[WHAT NEEDS TO BE DONE]
What is needed is an exact retyping of the records below, from the first line through the line that contains "BLUE Push Pins".

*** THE RECORDS Section Begins ***

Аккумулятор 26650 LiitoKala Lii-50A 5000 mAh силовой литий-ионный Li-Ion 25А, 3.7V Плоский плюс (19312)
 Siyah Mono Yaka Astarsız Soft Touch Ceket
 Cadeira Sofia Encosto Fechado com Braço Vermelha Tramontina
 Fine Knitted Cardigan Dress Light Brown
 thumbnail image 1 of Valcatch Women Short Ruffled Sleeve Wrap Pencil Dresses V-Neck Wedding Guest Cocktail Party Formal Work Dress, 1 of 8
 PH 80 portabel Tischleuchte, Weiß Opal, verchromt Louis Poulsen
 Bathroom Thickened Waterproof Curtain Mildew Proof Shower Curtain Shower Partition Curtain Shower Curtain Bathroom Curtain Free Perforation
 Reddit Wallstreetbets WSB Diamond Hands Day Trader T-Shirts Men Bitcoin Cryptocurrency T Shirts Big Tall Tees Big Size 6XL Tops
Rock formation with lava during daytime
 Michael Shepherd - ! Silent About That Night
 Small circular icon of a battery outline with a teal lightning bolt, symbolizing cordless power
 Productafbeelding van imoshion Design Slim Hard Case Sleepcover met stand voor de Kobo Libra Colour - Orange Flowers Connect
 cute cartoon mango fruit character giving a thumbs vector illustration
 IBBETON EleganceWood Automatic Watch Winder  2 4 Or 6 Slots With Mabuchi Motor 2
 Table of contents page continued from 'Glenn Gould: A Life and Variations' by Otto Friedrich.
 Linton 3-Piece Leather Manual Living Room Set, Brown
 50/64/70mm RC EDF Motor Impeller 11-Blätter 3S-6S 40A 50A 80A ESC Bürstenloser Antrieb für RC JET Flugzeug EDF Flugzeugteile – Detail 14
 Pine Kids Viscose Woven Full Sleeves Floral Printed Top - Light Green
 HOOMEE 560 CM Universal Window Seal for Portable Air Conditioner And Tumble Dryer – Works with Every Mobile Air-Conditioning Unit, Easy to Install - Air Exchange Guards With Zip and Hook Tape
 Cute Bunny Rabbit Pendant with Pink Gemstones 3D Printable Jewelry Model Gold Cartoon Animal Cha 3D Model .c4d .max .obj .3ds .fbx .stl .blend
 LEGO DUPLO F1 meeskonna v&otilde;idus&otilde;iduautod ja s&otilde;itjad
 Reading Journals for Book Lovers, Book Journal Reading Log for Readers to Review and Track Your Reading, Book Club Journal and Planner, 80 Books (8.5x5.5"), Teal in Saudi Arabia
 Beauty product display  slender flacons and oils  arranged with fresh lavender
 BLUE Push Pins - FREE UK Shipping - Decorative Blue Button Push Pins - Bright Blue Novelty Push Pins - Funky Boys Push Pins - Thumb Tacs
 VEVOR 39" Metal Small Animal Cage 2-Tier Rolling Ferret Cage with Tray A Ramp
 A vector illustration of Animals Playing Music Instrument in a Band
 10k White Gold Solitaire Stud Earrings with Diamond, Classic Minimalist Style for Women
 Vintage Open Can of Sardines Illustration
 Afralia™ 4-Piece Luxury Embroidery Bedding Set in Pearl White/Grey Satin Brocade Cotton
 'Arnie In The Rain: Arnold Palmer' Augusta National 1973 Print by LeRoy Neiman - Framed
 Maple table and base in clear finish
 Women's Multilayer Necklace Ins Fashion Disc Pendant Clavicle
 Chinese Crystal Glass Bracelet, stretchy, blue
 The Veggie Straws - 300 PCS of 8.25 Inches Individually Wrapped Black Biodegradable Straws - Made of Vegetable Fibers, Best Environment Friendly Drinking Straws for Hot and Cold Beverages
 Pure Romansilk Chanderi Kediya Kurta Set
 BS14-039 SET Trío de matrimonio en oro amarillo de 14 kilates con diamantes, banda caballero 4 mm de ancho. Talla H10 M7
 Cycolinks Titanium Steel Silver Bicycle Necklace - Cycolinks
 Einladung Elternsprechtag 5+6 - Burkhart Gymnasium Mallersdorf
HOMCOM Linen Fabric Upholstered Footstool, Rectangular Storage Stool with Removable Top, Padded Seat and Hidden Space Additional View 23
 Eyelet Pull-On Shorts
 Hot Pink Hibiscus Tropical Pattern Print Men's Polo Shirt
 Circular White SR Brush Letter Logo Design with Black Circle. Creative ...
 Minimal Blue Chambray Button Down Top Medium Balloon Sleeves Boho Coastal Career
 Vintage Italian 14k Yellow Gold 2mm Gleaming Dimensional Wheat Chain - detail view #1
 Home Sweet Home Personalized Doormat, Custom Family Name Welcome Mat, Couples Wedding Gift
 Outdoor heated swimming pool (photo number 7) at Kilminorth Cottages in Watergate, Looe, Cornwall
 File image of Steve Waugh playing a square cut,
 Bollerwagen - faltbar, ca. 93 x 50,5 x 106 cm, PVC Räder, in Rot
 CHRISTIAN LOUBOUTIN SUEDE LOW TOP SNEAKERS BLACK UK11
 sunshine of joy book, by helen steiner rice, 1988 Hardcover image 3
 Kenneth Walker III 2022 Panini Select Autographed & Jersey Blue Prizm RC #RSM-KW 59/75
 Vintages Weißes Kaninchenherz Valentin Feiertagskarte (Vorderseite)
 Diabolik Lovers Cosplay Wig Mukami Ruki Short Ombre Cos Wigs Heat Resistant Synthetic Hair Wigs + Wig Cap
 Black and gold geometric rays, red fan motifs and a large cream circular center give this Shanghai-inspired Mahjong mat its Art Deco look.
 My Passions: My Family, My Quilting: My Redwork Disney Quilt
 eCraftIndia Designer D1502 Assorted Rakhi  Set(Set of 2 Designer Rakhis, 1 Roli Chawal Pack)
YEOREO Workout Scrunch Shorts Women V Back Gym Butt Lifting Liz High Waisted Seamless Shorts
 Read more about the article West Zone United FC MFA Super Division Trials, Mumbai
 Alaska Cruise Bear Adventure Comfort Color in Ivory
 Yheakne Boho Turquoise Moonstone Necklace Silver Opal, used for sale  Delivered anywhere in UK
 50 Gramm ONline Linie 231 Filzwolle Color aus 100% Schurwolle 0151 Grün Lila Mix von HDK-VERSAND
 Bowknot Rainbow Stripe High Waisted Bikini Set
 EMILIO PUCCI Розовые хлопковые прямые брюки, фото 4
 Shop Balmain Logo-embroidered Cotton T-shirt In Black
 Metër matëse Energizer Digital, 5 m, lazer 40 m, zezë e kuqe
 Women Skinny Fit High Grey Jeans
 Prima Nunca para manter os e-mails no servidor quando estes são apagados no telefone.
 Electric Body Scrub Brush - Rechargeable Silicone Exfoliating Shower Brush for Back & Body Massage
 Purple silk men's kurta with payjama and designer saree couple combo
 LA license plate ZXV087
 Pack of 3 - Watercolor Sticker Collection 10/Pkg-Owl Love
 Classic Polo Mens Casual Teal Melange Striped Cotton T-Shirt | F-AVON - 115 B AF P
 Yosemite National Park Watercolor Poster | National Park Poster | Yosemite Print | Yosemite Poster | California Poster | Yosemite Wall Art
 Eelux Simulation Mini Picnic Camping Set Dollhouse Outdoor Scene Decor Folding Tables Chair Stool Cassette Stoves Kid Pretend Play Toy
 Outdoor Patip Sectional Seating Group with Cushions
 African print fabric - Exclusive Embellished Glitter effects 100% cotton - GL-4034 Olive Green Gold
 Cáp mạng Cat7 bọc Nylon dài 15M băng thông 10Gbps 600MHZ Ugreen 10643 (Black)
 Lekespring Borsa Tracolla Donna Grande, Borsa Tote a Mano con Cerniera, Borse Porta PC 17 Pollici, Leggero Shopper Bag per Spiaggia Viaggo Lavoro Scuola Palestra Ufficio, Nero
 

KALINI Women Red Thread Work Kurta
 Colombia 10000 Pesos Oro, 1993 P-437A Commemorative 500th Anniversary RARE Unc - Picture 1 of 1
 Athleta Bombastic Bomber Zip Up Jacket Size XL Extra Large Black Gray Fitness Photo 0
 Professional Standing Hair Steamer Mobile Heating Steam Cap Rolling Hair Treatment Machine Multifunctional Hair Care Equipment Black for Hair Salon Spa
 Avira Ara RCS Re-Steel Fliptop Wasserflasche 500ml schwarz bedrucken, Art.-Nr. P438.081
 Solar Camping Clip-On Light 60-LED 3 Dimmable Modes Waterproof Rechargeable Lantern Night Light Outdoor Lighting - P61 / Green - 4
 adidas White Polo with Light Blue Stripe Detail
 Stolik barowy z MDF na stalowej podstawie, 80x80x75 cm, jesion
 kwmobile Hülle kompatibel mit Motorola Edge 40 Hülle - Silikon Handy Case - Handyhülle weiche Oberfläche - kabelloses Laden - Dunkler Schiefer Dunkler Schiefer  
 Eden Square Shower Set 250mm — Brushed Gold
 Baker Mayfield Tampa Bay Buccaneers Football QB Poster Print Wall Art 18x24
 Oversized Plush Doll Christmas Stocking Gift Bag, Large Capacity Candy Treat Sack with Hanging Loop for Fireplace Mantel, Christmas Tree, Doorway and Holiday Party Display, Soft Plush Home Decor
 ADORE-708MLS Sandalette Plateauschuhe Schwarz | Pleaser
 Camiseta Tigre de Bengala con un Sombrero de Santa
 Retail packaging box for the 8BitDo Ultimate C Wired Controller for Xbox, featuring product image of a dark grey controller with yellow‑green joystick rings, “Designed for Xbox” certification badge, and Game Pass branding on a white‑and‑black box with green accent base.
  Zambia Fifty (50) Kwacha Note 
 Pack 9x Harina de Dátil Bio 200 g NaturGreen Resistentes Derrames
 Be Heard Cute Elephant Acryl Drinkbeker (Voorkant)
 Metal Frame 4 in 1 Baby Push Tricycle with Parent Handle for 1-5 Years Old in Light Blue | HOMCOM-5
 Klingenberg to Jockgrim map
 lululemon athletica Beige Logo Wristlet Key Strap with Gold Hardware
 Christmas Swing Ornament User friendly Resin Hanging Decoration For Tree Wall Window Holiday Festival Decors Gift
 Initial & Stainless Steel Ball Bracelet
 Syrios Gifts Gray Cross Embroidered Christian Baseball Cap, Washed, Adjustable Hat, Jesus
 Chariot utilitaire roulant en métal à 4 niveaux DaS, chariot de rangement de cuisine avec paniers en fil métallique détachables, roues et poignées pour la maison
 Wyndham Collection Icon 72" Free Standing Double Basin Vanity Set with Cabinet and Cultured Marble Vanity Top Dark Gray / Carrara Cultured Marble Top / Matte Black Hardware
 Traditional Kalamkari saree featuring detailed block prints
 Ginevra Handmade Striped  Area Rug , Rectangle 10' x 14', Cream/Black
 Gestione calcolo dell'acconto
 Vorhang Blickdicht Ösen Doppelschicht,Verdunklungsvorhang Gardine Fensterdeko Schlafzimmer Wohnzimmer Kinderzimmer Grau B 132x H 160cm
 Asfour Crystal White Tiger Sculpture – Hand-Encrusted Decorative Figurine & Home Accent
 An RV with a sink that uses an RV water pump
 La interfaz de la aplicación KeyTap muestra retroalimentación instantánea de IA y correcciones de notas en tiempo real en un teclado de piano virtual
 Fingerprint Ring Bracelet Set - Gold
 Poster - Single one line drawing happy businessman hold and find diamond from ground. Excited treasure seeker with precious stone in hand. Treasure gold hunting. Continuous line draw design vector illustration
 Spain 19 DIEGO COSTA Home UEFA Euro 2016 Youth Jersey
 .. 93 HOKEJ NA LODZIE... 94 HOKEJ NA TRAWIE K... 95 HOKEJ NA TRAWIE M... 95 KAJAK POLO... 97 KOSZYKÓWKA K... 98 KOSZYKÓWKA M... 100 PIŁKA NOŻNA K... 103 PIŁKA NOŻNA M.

*** THE RECORDS Section Ends ***

[WRITTEN ANSWER]
Аккумулятор 26650 LiitoKala Lii-50A 5000 mAh силовой литий-ионный Li-Ion 25А, 3.7V Плоский плюс (19312)
 Siyah Mono Yaka Astarsız Soft Touch Ceket
 Cadeira Sofia Encosto Fechado com Braço Vermelha Tramontina
 Fine Knitted Cardigan Dress Light Brown
 thumbnail image 1 of Valcatch Women Short Ruffled Sleeve Wrap Pencil Dresses V-Neck Wedding Guest Cocktail Party Formal Work Dress, 1 of 8
 PH 80 portabel Tischleuchte, Weiß Opal, verchromt Louis Poulsen
 Bathroom Thickened Waterproof Curtain Mildew Proof Shower Curtain Shower Partition Curtain Shower Curtain Bathroom Curtain Free Perforation
 Reddit Wallstreetbets WSB Diamond Hands Day Trader T-Shirts Men Bitcoin Cryptocurrency T Shirts Big Tall Tees Big Size 6XL Tops
Rock formation with lava during daytime
 Michael Shepherd - ! Silent About That Night
 Small circular icon of a battery outline with a teal lightning bolt, symbolizing cordless power
 Productafbeelding van imoshion Design Slim Hard Case Sleepcover met stand voor de Kobo Libra Colour - Orange Flowers Connect
 cute cartoon mango fruit character giving a thumbs vector illustration
 IBBETON EleganceWood Automatic Watch Winder  2 4 Or 6 Slots With Mabuchi Motor 2
 Table of contents page continued from 'Glenn Gould: A Life and Variations' by Otto Friedrich.
 Linton 3-Piece Leather Manual Living Room Set, Brown
 50/64/70mm RC EDF Motor Impeller 11-Blätter 3S-6S 40A 50A 80A ESC Bürstenloser Antrieb für RC JET Flugzeug EDF Flugzeugteile – Detail 14
 Pine Kids Viscose Woven Full Sleeves Floral Printed Top - Light Green
 HOOMEE 560 CM Universal Window Seal for Portable Air Conditioner And Tumble Dryer – Works with Every Mobile Air-Conditioning Unit, Easy to Install - Air Exchange Guards With Zip and Hook Tape
 Cute Bunny Rabbit Pendant with Pink Gemstones 3D Printable Jewelry Model Gold Cartoon Animal Cha 3D Model .c4d .max .obj .3ds .fbx .stl .blend
 LEGO DUPLO F1 meeskonna v&otilde;idus&otilde;iduautod ja s&otilde;itjad
 Reading Journals for Book Lovers, Book Journal Reading Log for Readers to Review and Track Your Reading, Book Club Journal and Planner, 80 Books (8.5x5.5"), Teal in Saudi Arabia
 Beauty product display  slender flacons and oils  arranged with fresh lavender
 BLUE Push Pins - FREE UK Shipping - Decorative Blue Button Push Pins - Bright Blue Novelty Push Pins - Funky Boys Push Pins - Thumb Tacs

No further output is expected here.